## Assignment
Leave out the pictures and output exactly the lines below from the one with "Morbid Opportunist (183) [BLC] - MTG Single" down to the one with "日常百搭微彈款襯衫,KORE", both of them included.

## Input data
——————
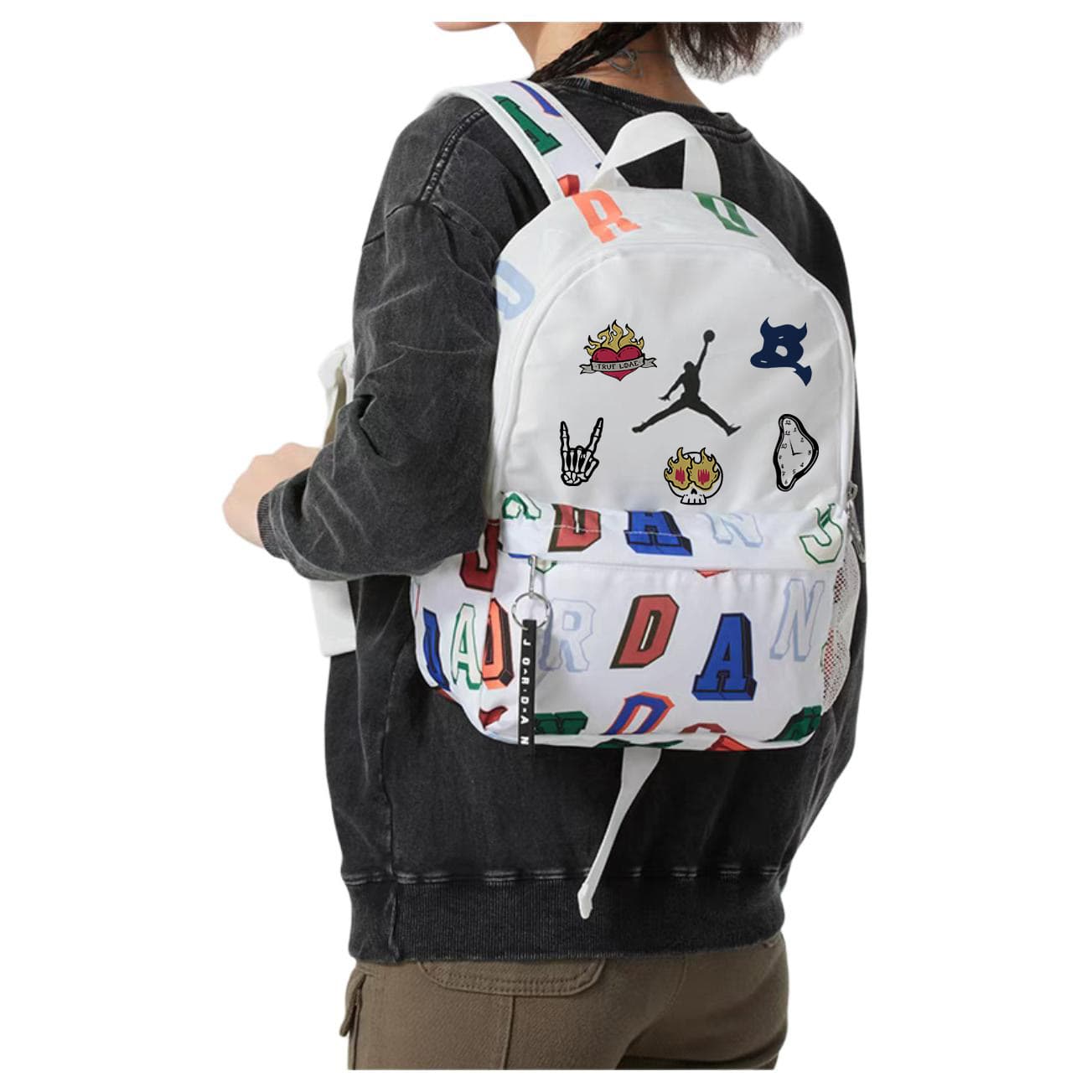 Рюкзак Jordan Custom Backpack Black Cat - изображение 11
——————
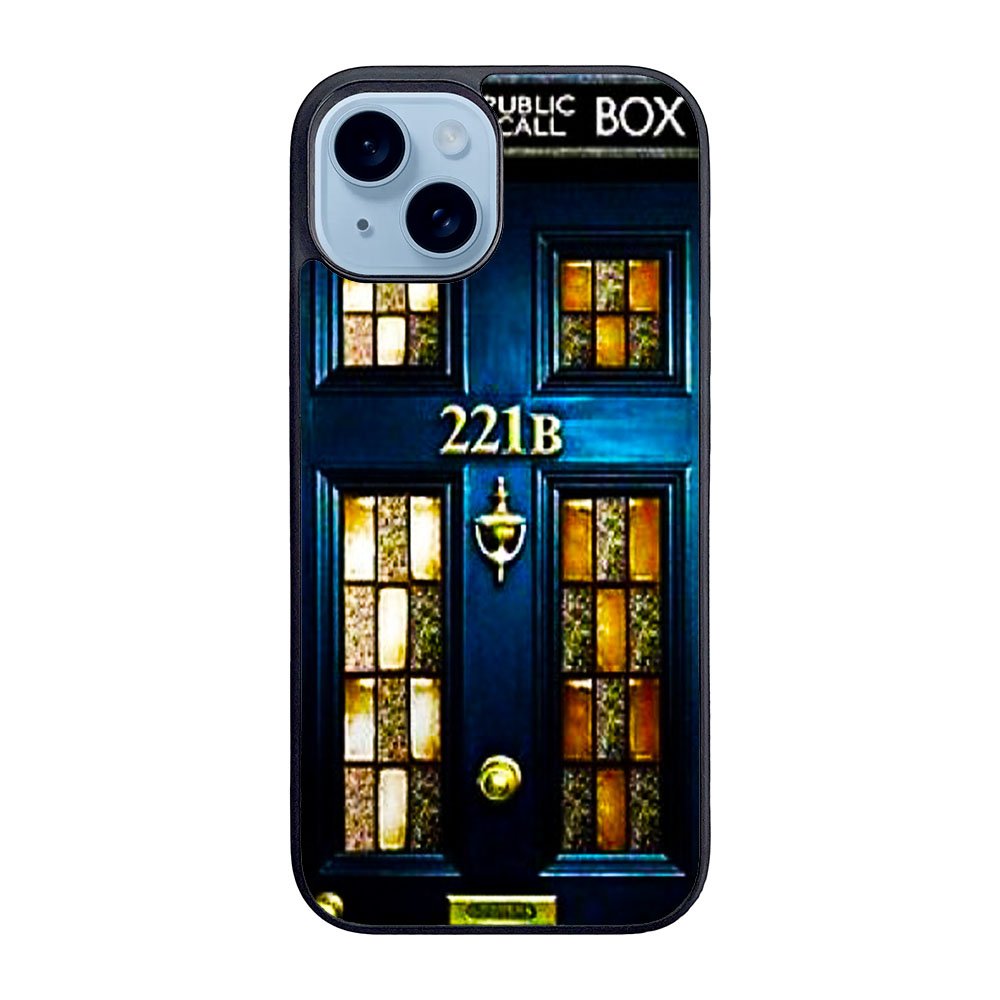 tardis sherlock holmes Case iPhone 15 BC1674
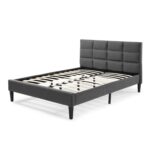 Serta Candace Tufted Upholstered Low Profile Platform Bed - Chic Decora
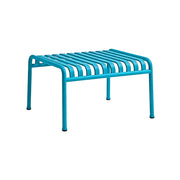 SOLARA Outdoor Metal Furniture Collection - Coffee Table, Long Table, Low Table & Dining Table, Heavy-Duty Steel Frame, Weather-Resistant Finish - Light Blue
——————
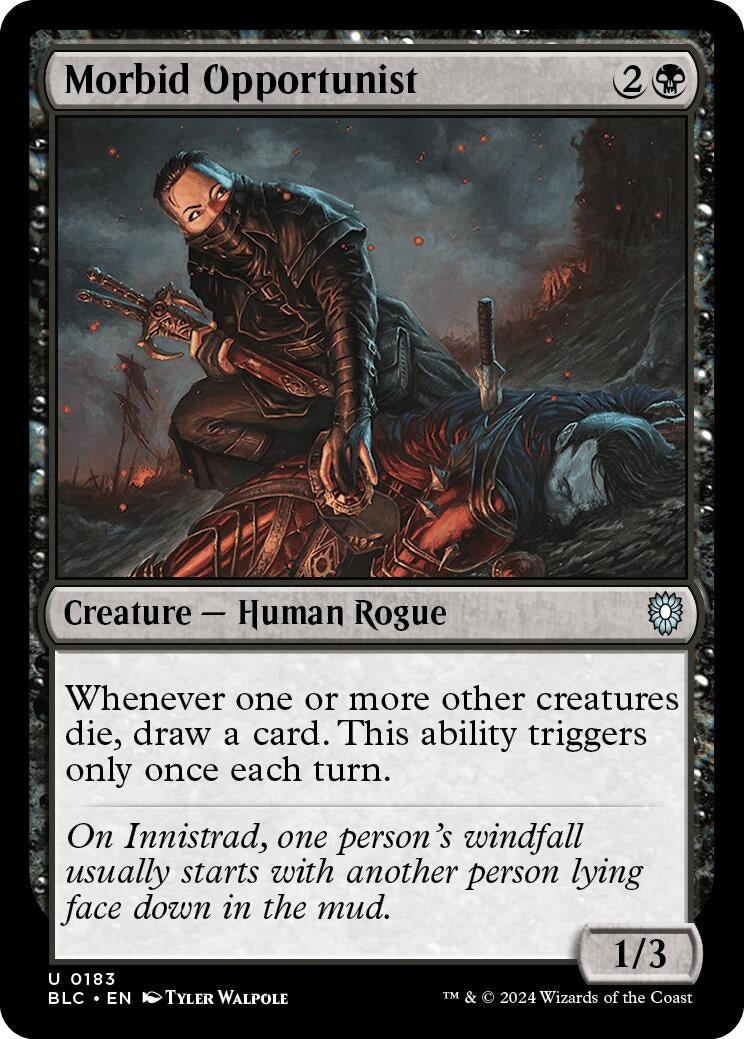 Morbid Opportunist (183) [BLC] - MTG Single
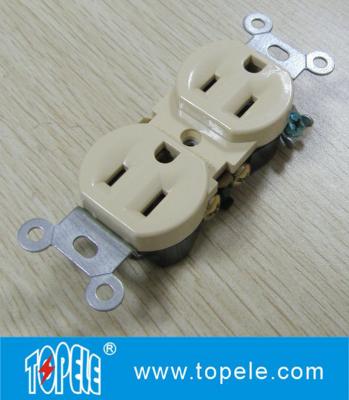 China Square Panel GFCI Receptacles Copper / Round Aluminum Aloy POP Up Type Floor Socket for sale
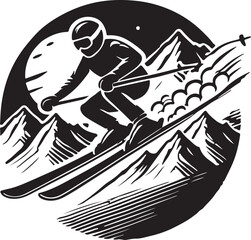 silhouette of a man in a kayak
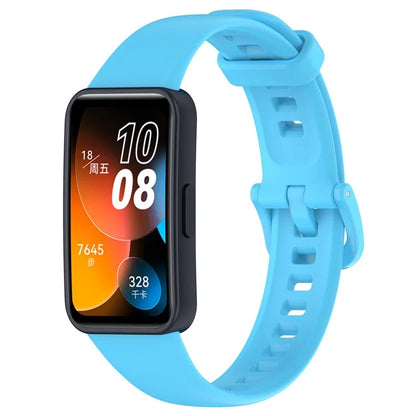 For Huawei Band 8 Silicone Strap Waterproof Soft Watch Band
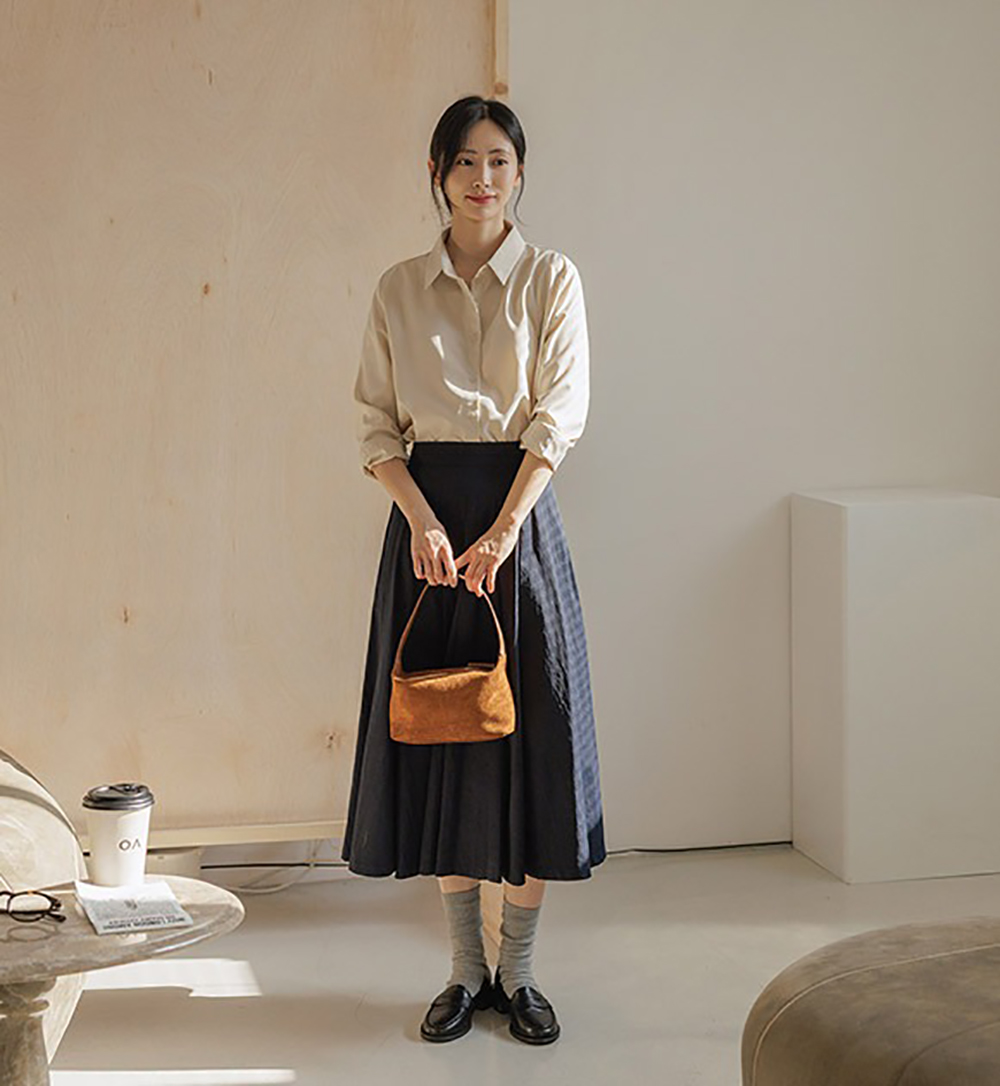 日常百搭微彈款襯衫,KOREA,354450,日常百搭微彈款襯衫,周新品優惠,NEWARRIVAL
——————
## Written response
 Morbid Opportunist (183) [BLC] - MTG Single
 China Square Panel GFCI Receptacles Copper / Round Aluminum Aloy POP Up Type Floor Socket for sale
 silhouette of a man in a kayak
 For Huawei Band 8 Silicone Strap Waterproof Soft Watch Band
 日常百搭微彈款襯衫,KOREA,354450,日常百搭微彈款襯衫,周新品優惠,NEWARRIVAL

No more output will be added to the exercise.